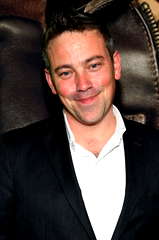 Kevin Baillie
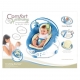 VIBRO GULTUKAS COMFORT AND HARMONY PATCHBERRY PARK BLUE BOUNCER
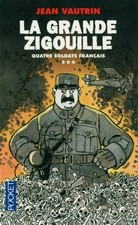 Soldats français. vol. d'occasion  Corbeil-Essonnes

- **INSTRUCTIONS FOR THE TASK**
Across the whole listing, reproduce each line verbatim and exclude every picture.

- **SOLUTION**
 Kevin Baillie
 VIBRO GULTUKAS COMFORT AND HARMONY PATCHBERRY PARK BLUE BOUNCER
 Soldats français. vol. d'occasion  Corbeil-Essonnes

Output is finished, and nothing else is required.